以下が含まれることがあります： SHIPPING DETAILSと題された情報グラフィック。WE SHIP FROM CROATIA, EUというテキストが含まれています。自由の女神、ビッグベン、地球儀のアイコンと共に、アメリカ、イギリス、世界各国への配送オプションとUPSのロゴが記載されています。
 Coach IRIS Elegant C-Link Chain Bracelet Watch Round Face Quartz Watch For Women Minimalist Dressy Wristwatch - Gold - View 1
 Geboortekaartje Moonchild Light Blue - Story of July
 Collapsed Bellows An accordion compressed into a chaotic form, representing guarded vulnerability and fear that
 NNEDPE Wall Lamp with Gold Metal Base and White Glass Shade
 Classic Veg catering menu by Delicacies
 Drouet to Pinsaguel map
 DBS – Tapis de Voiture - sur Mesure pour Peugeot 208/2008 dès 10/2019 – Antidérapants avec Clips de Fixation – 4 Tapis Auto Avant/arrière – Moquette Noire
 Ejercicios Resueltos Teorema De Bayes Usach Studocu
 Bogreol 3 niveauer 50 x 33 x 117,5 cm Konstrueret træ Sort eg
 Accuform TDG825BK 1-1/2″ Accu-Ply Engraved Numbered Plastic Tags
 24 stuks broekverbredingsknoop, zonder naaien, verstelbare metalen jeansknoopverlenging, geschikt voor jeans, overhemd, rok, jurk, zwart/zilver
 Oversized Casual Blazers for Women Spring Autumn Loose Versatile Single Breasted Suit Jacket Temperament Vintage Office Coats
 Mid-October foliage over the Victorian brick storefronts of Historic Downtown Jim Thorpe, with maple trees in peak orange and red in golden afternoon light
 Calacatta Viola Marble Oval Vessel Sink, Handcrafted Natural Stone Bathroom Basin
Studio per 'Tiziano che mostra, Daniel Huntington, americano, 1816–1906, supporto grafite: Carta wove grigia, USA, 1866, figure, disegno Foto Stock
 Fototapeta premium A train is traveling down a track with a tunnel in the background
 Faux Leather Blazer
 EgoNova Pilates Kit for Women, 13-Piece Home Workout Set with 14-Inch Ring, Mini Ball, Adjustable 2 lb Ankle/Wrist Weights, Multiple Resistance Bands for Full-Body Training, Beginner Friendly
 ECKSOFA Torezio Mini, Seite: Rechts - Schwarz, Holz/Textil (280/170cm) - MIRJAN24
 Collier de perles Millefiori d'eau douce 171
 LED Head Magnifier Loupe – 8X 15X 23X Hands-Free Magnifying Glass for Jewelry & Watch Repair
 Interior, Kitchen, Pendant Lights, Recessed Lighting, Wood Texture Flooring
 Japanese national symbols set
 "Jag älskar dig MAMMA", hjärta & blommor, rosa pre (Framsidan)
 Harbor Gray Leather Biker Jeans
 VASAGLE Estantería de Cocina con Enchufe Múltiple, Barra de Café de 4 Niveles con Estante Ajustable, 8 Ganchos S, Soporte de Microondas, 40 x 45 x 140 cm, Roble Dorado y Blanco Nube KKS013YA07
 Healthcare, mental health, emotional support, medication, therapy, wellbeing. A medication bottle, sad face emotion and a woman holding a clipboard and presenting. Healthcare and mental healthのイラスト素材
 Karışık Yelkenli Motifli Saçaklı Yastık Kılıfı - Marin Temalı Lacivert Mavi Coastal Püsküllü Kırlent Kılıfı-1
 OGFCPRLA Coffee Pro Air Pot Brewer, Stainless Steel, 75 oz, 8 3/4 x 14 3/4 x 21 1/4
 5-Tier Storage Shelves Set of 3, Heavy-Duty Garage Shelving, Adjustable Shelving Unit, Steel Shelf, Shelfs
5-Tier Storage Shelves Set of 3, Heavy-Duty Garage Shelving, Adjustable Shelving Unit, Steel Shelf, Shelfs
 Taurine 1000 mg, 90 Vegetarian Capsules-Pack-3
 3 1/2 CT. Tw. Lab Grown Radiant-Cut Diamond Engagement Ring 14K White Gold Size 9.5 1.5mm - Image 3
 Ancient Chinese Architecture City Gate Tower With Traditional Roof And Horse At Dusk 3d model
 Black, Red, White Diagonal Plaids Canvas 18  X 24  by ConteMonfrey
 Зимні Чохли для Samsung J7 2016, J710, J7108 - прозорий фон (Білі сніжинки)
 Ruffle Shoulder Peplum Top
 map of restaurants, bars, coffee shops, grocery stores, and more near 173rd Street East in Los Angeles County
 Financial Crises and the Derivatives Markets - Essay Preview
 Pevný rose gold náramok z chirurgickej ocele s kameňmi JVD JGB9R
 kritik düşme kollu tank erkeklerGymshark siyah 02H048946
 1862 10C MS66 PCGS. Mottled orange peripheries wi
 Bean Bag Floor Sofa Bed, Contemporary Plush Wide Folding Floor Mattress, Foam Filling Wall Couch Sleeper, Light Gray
▬▬▬▬▬▬▬▬▬▬
Both the line containing "Black, Red, White" and the line containing "map of restaurants, bars, coffee" belong in the answer. Print them and every line above that falls between them exactly, and no others.

Response area:
 Black, Red, White Diagonal Plaids Canvas 18  X 24  by ConteMonfrey
 Зимні Чохли для Samsung J7 2016, J710, J7108 - прозорий фон (Білі сніжинки)
 Ruffle Shoulder Peplum Top
 map of restaurants, bars, coffee shops, grocery stores, and more near 173rd Street East in Los Angeles County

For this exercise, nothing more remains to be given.